Back to the Italian restaurant. We get there at 6 PM. The surprise happens about 6:30. Then we waited for dinner. And waited and waited some more. Dinner was finally served around 8:30 PM. During the 2.5 hours we were there up to that point, I had probably 4 or 5 Miller Lites, which is what I drink when I want something a little stronger than water. In other words, I wasn't even close to being intoxicated. My wife on the other hand, who I affectionately named "Two Sips" on our second date, was struggling. About halfway through dinner, which I engulfed in about 10 minutes (I was crazy-hungry!), I looked over and noticed her bobbing and weaving. In her chair. I knew at that point that things were heading down an ugly path. I encouraged her to eat up in an effort to minimize casualties and damage.
So here is the rest of my First Gig Story: we ended up playing 9 or 10 songs. Unknown to me at the time (I was in the zone, man!), my wife was redecorating one of the stalls in the women's room. I found this out from one of my bandmates' wives. After cleaning up, she marched right out of the women's room and up to the bar, where she ordered another drink. (My wife's a warrior!) She then managed to make her way to right in front of where we were playing, where she proceeded to repeatedly flip me off. I did not know exactly what she meant by this at the time, but I interpreted it as her way of using sign language to say, "You are so freaking hot and sexy right now; I am going to bang your brains out when we get home." According to my bandmates' wife, what she was really trying to say was: "Put that freaking bass down and take me home you stupid moron."

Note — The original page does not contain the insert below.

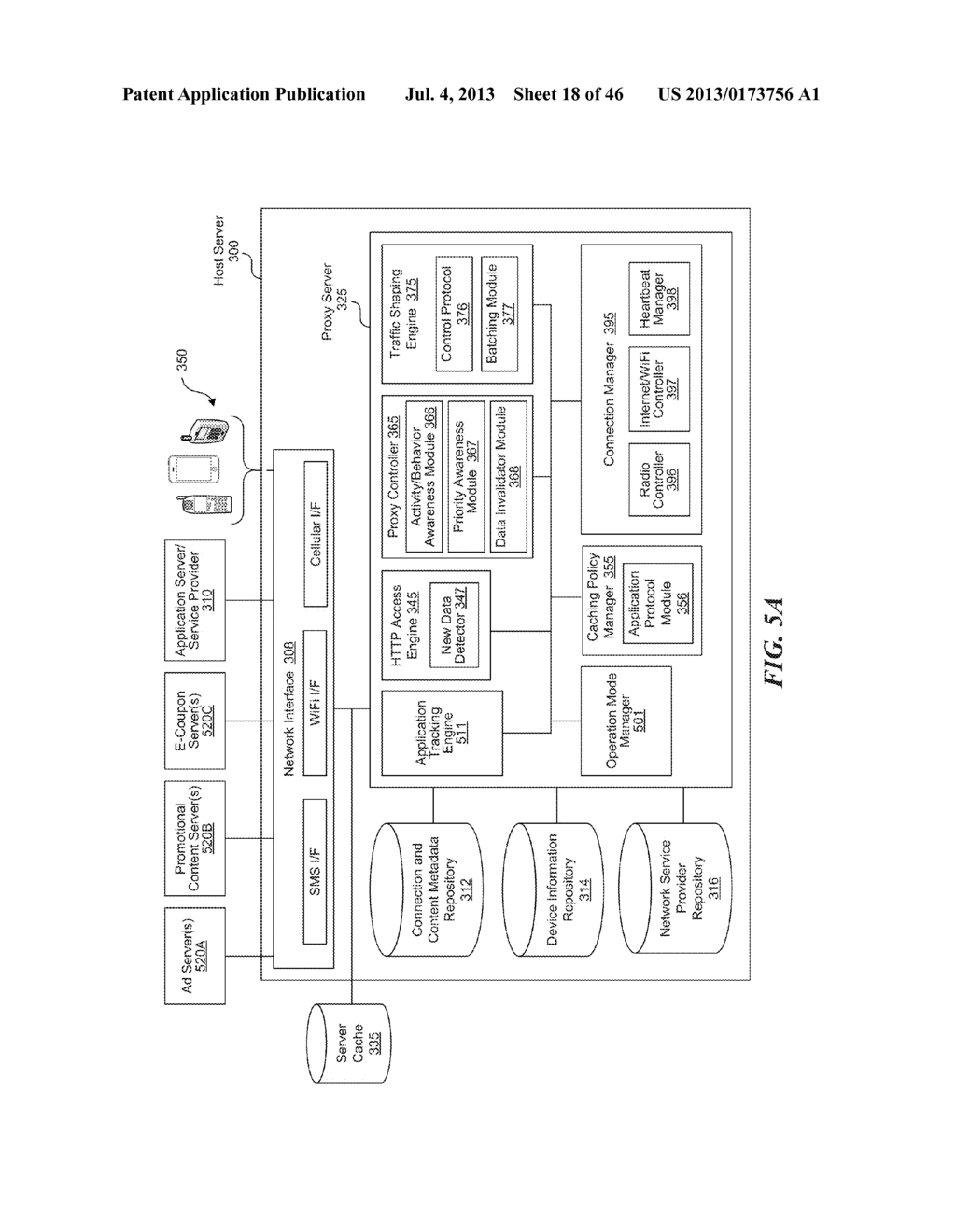 OPERATION MODES FOR MOBILE TRAFFIC OPTIMIZATION AND CONCURRENT MANAGEMENT     OF OPTIMIZED AND NON-OPTIMIZED TRAFFIC - diagram, schematic, and image 19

During the last song that we played, I was staring at my beautiful wife and I thought, "This is it." I am staring at my beautiful wife, I am playing bass and I'm loving life. What a feeling. And at about that time, my wife decided to lean back against the wall.
The problem was that the wall was a good 15 feet behind her. And suddenly, my bass career was at a critical juncture already. What to do? Stop playing, put down the bass and go help my wife up from the floor like the true gentlemen that I really am? Or keep playing, locked in baby, never letting the beat deviate even a millisecond from the groove. In situations like these you don't have more than a second, maybe, to think about it. What a person does next, at least in my experience on this earth, is a window of opportunity that we rarely get to peer inside the heart, mind and soul of another human being and see what they are all about.
That is when I knew I was meant to be a bass player. For the first time since I became a member here on talkbass, I feel entitled to put one of these into one of my posts:
(Honey, if you ever read this, please remember: 1) I love you with all my heart; 2) Without your support, I would never have had the opportunity to follow my dream; and 3) More than two glasses of wine on an empty stomach is a bad idea.)